The mechanisms of the atmospheric response to climate forcing are analyzed using an example of uniform SST warming in an idealized aquaplanet model. A 200-member ensemble of experiments is conducted with an instantaneous uniform SST warming. The zonal mean circulation changes display a rapid poleward shift in the midlatitude eddy-driven westerlies and the edge of the Hadley cell circulation and a slow equatorward contraction of the circulation in the deep tropics. The shift of the poleward edge of the Hadley cell is predominantly controlled by the eddy momentum flux. It also shifts the eddy-driven westerlies against the surface friction, at a rate much faster than the expectation from the natural variability of the eddy-driven jet (i.e., the e-folding time scale of the annular mode), with much less feedback between the eddies and zonal flow.

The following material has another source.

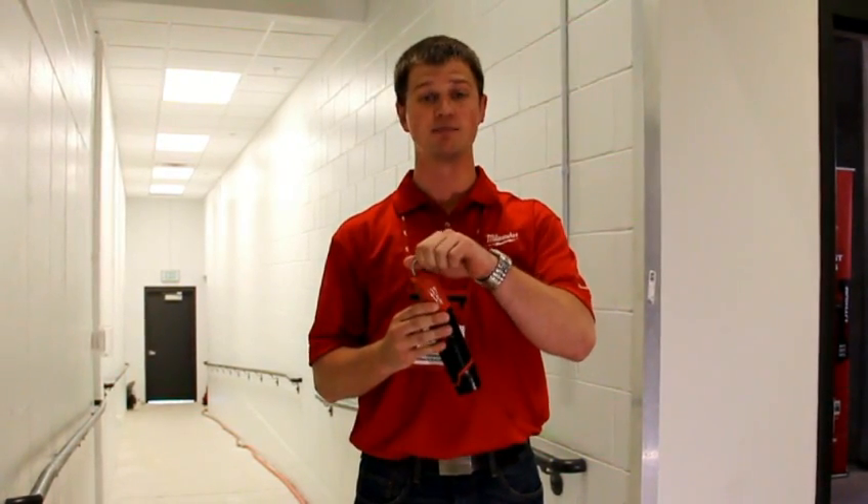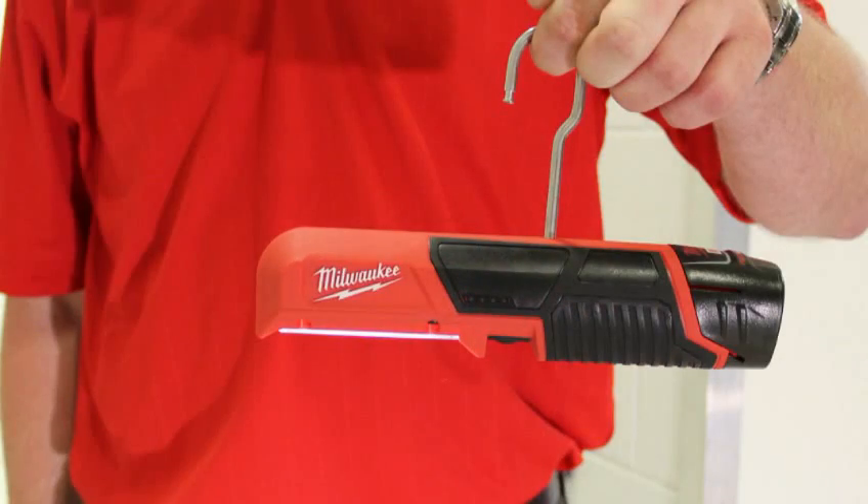In terms of versatility, there's a multi-position stainless steel hook. You can unlock and hang the light vertically, as well as horizontally, to light up the work surface that you're working underneath.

The transient eddy–zonal flow interactions are delineated using a newly developed finite-amplitude wave activity diagnostic of Nakamura. Applying it to the transient ensemble response to uniform SST warming reveals that the eddy-driven westerlies are shifted poleward by permitting more upward wave propagation in the middle and upper troposphere rather than reducing the lower-tropospheric baroclinicity. The increased upward wave propagation is attributed to a reduction in eddy dissipation of wave activity as a result of a weaker meridional potential vorticity (PV) gradient. The reduction allows more waves to propagate away from the latitudes of baroclinic generation, which, in turn, leads to more poleward momentum flux and a poleward shift of eddy-driven winds and Hadley cell edge.